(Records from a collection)
- Opening Delimiter -
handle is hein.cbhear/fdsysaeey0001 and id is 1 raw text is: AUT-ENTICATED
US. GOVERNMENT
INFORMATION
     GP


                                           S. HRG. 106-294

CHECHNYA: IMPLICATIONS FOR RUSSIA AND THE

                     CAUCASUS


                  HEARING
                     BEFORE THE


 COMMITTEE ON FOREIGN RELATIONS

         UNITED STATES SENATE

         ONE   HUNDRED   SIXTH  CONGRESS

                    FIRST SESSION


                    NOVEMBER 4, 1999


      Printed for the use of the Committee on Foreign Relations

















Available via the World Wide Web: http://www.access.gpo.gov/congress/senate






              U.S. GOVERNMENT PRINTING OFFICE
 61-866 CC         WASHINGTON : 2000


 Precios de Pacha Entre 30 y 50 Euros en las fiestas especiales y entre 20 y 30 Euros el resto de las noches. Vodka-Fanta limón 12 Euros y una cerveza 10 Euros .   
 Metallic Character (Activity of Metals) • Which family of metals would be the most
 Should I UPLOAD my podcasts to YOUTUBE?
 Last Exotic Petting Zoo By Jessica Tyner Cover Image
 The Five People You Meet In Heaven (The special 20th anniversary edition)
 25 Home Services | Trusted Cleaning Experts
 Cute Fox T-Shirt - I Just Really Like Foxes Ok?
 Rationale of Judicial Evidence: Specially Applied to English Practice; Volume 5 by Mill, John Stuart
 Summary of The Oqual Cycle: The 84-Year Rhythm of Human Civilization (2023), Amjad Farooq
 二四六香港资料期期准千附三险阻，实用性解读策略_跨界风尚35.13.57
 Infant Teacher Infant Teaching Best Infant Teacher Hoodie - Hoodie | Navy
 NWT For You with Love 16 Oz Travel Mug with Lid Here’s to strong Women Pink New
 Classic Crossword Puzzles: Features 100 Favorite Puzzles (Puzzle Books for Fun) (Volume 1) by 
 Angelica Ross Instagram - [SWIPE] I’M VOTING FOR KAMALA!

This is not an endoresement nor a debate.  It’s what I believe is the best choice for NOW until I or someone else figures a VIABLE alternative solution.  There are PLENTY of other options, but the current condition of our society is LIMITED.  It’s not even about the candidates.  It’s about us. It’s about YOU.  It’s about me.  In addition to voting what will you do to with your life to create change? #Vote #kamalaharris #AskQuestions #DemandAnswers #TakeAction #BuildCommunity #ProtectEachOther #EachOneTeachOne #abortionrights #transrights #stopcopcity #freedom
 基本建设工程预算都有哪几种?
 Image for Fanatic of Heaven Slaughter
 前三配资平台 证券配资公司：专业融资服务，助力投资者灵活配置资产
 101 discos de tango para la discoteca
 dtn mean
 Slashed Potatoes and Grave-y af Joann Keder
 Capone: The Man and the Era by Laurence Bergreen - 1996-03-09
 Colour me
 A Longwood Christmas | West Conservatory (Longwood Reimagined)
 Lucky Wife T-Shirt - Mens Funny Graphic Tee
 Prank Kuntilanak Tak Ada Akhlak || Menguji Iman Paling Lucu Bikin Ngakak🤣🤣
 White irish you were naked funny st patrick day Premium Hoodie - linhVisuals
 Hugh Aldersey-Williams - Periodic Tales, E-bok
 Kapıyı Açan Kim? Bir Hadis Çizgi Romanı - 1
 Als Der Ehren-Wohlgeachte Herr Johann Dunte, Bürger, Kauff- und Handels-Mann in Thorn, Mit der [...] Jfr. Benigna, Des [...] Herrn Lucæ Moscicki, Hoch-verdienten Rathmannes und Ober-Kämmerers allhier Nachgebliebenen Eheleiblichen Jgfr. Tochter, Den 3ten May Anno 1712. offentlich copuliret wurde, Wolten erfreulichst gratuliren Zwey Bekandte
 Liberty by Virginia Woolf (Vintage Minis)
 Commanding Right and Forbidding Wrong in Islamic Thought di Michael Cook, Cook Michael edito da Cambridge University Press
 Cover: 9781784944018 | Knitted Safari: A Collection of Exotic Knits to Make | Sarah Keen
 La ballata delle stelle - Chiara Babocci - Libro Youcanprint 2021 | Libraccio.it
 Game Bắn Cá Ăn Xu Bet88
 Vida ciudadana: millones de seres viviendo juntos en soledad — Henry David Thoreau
- Closing Delimiter -
• _What to produce_
Write out all the entries once more, exactly.

• _Solution to this exercise_
handle is hein.cbhear/fdsysaeey0001 and id is 1 raw text is: AUT-ENTICATED
US. GOVERNMENT
INFORMATION
     GP


                                           S. HRG. 106-294

CHECHNYA: IMPLICATIONS FOR RUSSIA AND THE

                     CAUCASUS


                  HEARING
                     BEFORE THE


 COMMITTEE ON FOREIGN RELATIONS

         UNITED STATES SENATE

         ONE   HUNDRED   SIXTH  CONGRESS

                    FIRST SESSION


                    NOVEMBER 4, 1999


      Printed for the use of the Committee on Foreign Relations

















Available via the World Wide Web: http://www.access.gpo.gov/congress/senate






              U.S. GOVERNMENT PRINTING OFFICE
 61-866 CC         WASHINGTON : 2000


 Precios de Pacha Entre 30 y 50 Euros en las fiestas especiales y entre 20 y 30 Euros el resto de las noches. Vodka-Fanta limón 12 Euros y una cerveza 10 Euros .   
 Metallic Character (Activity of Metals) • Which family of metals would be the most
 Should I UPLOAD my podcasts to YOUTUBE?
 Last Exotic Petting Zoo By Jessica Tyner Cover Image
 The Five People You Meet In Heaven (The special 20th anniversary edition)
 25 Home Services | Trusted Cleaning Experts
 Cute Fox T-Shirt - I Just Really Like Foxes Ok?
 Rationale of Judicial Evidence: Specially Applied to English Practice; Volume 5 by Mill, John Stuart
 Summary of The Oqual Cycle: The 84-Year Rhythm of Human Civilization (2023), Amjad Farooq
 二四六香港资料期期准千附三险阻，实用性解读策略_跨界风尚35.13.57
 Infant Teacher Infant Teaching Best Infant Teacher Hoodie - Hoodie | Navy
 NWT For You with Love 16 Oz Travel Mug with Lid Here’s to strong Women Pink New
 Classic Crossword Puzzles: Features 100 Favorite Puzzles (Puzzle Books for Fun) (Volume 1) by 
 Angelica Ross Instagram - [SWIPE] I’M VOTING FOR KAMALA!

This is not an endoresement nor a debate.  It’s what I believe is the best choice for NOW until I or someone else figures a VIABLE alternative solution.  There are PLENTY of other options, but the current condition of our society is LIMITED.  It’s not even about the candidates.  It’s about us. It’s about YOU.  It’s about me.  In addition to voting what will you do to with your life to create change? #Vote #kamalaharris #AskQuestions #DemandAnswers #TakeAction #BuildCommunity #ProtectEachOther #EachOneTeachOne #abortionrights #transrights #stopcopcity #freedom
 基本建设工程预算都有哪几种?
 Image for Fanatic of Heaven Slaughter
 前三配资平台 证券配资公司：专业融资服务，助力投资者灵活配置资产
 101 discos de tango para la discoteca
 dtn mean
 Slashed Potatoes and Grave-y af Joann Keder
 Capone: The Man and the Era by Laurence Bergreen - 1996-03-09
 Colour me
 A Longwood Christmas | West Conservatory (Longwood Reimagined)
 Lucky Wife T-Shirt - Mens Funny Graphic Tee
 Prank Kuntilanak Tak Ada Akhlak || Menguji Iman Paling Lucu Bikin Ngakak🤣🤣
 White irish you were naked funny st patrick day Premium Hoodie - linhVisuals
 Hugh Aldersey-Williams - Periodic Tales, E-bok
 Kapıyı Açan Kim? Bir Hadis Çizgi Romanı - 1
 Als Der Ehren-Wohlgeachte Herr Johann Dunte, Bürger, Kauff- und Handels-Mann in Thorn, Mit der [...] Jfr. Benigna, Des [...] Herrn Lucæ Moscicki, Hoch-verdienten Rathmannes und Ober-Kämmerers allhier Nachgebliebenen Eheleiblichen Jgfr. Tochter, Den 3ten May Anno 1712. offentlich copuliret wurde, Wolten erfreulichst gratuliren Zwey Bekandte
 Liberty by Virginia Woolf (Vintage Minis)
 Commanding Right and Forbidding Wrong in Islamic Thought di Michael Cook, Cook Michael edito da Cambridge University Press
 Cover: 9781784944018 | Knitted Safari: A Collection of Exotic Knits to Make | Sarah Keen
 La ballata delle stelle - Chiara Babocci - Libro Youcanprint 2021 | Libraccio.it
 Game Bắn Cá Ăn Xu Bet88
 Vida ciudadana: millones de seres viviendo juntos en soledad — Henry David Thoreau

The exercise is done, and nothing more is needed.